# The return command



## khrisr (Aug 5, 2008)

How do you get passed the "I know you want me to come back, but umm I dont want to right now"?

I get this from my GSD often.


----------



## grmnshpd21 (May 5, 2005)

Having your dog on a long leash and guiding them into when you call them to come. Lots of praise and treats when they do come to you. If your dog is off leash and you are calling them to come, they have the option to come if they want. So you should have a reliable recall on leash before you can expect one off leash. Also, another thing I do when Molly is off leash (in an enclosed area, like our yard) and I want her to come, is I start to run in the opposite direction and that gets her to want to run after me. When she is coming, I tell her "good come" and praise when she gets to me. Repeating this and being consistent will help with a reliable recall.


----------



## littledmc17 (Apr 9, 2008)

agreed


----------



## khrisr (Aug 5, 2008)

thank you. I will try this.


----------



## tracyc (Feb 23, 2005)

Get a long clothesline and use that as a way to reel the dog in when you call. 

Seriously, as a general rule you should never ask your dog to perform a command that you cannot enforce. Otherwise, they quickly learn that they don't really have to do what you say unless they feel like it. Sometimes that may be okay...but there are two commands that really need almost perfect performance: "Come" and "Drop it." Those are the two that could save your dog's life. 
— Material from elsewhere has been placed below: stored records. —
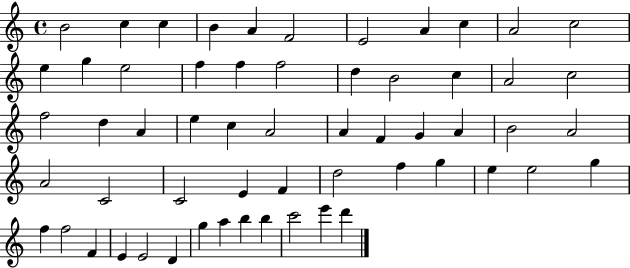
X:1
T:Untitled
M:4/4
L:1/4
K:C
B2 c c B A F2 E2 A c A2 c2 e g e2 f f f2 d B2 c A2 c2 f2 d A e c A2 A F G A B2 A2 A2 C2 C2 E F d2 f g e e2 g f f2 F E E2 D g a b b c'2 e' d'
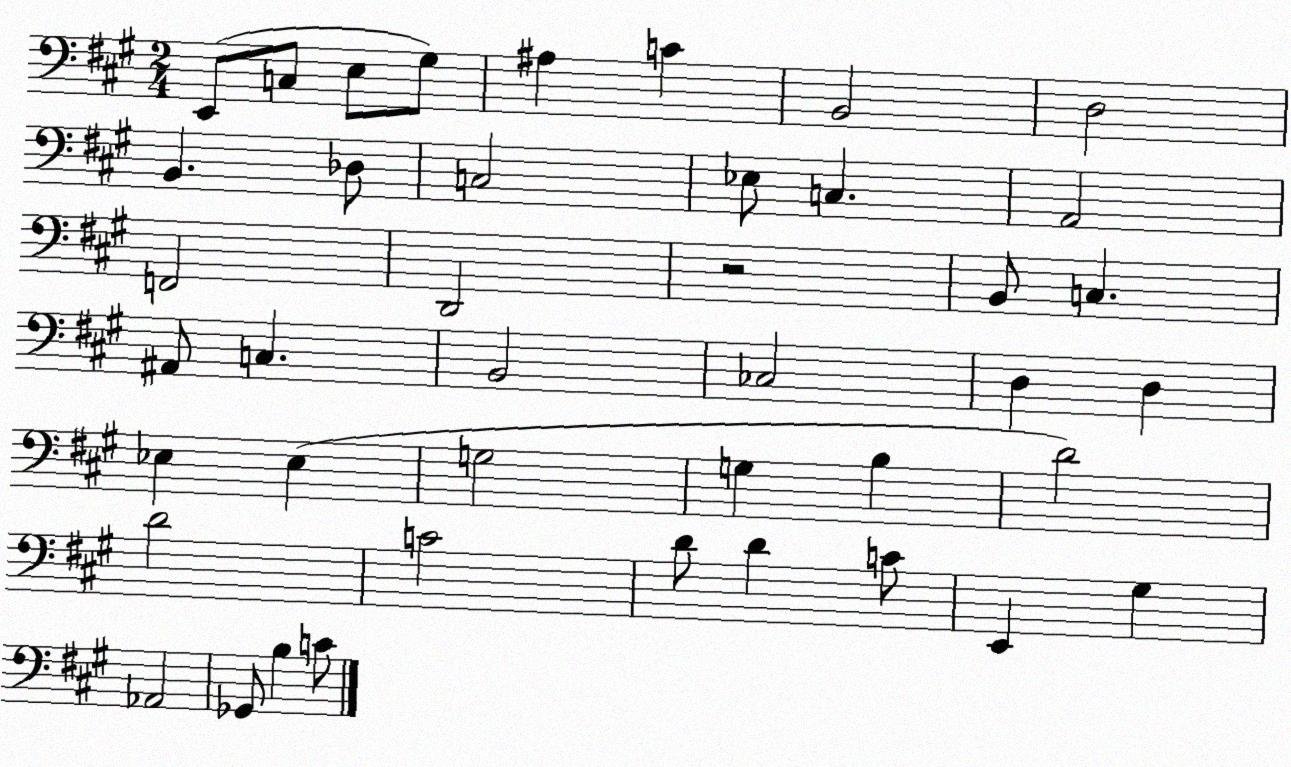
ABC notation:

X:1
T:Untitled
M:2/4
L:1/4
K:A
E,,/2 C,/2 E,/2 ^G,/2 ^A, C B,,2 D,2 B,, _D,/2 C,2 _E,/2 C, A,,2 F,,2 D,,2 z2 B,,/2 C, ^A,,/2 C, B,,2 _C,2 D, D, _E, _E, G,2 G, B, D2 D2 C2 D/2 D C/2 E,, ^G, _A,,2 _G,,/2 B, C/2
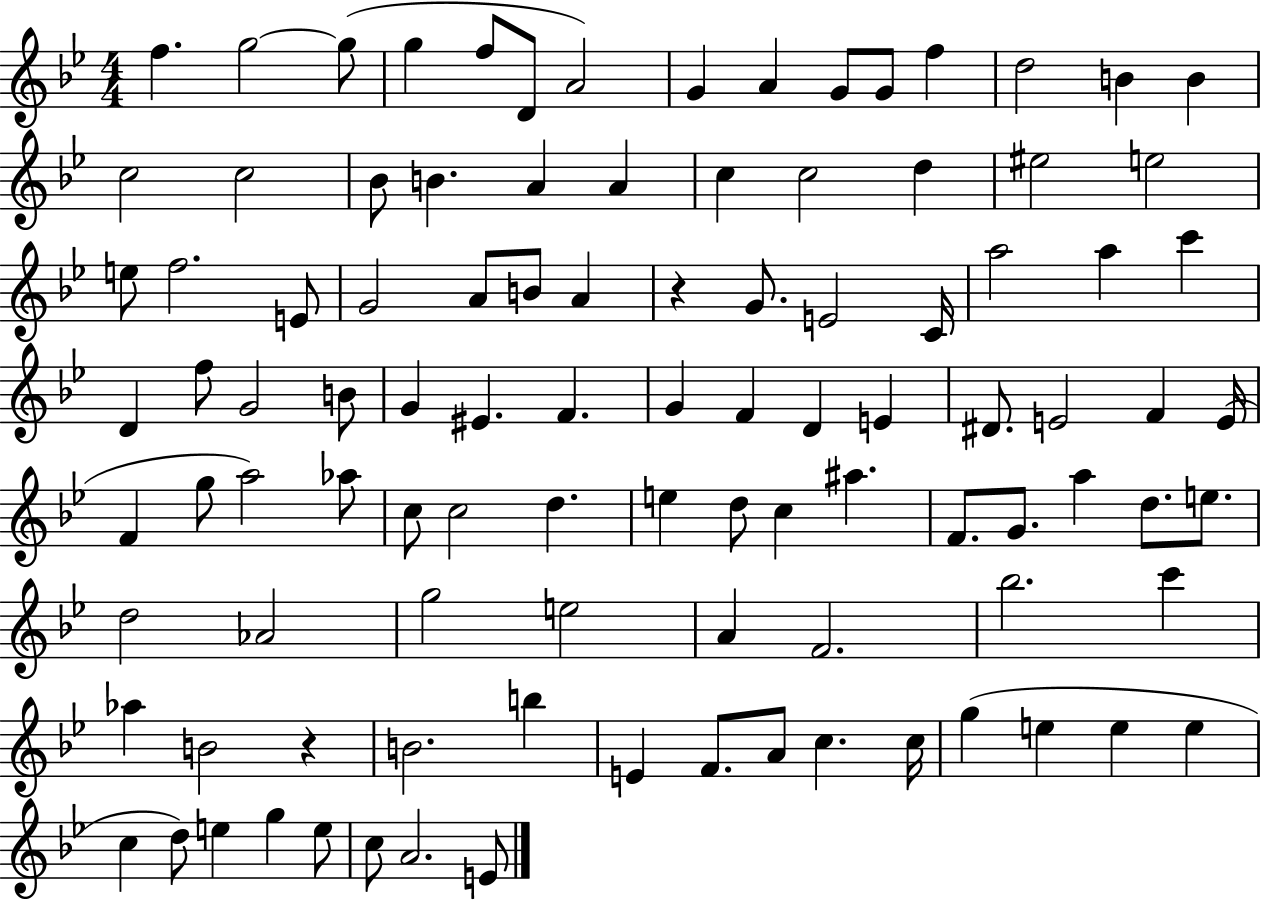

In addition to reeling in the dog with a long line, I'd encourage you to treat every time the dog does come to you. Make it so that the dog expects that coming to you will be far better than anything they've found in the yard--because coming to you means a piece of cheese, or whatever is a favorite. And obviously, never call a dog to you and then scold him. ("Where were you, I told you to come five times you bad dog!") That's just reminding him why he shouldn't come next time you call.


----------



## G-burg (Nov 10, 2002)

In addition to using the long line to make it happen every time you say come.. Don't ever, EVER call your dog to come if you CANNOT make it happen.. All's that does is teach the dog that he doesn't have to come.. Find some "other" word to use or walk the dog down..


----------



## alaman (May 3, 2006)

I have taught mine with a ball and weiners. Say "here", wave the ball which they always came far, gave them a weiner slice when they came and praised.


----------



## midnight804 (Jun 13, 2008)

I too use a long leash and pull him in if he doesn't want to comply. The recall command should be viewed as mandatory all the time. it is one of few commands I expect 100% all the time. Never issue the recall unless you can be sure he'll do it or that you can make him do it by pulling him.

When my boy comes back (on or off leash, weither I've reeled him in or not) I give treats and prasie and make a big deal. comming back to me = a big love fest and goodies. 

Long leash and lots of praise and treats works, but be super consistent and never allow non compliance on recall...as others have mentioned the recall is a command that could very well save your dogs life.


----------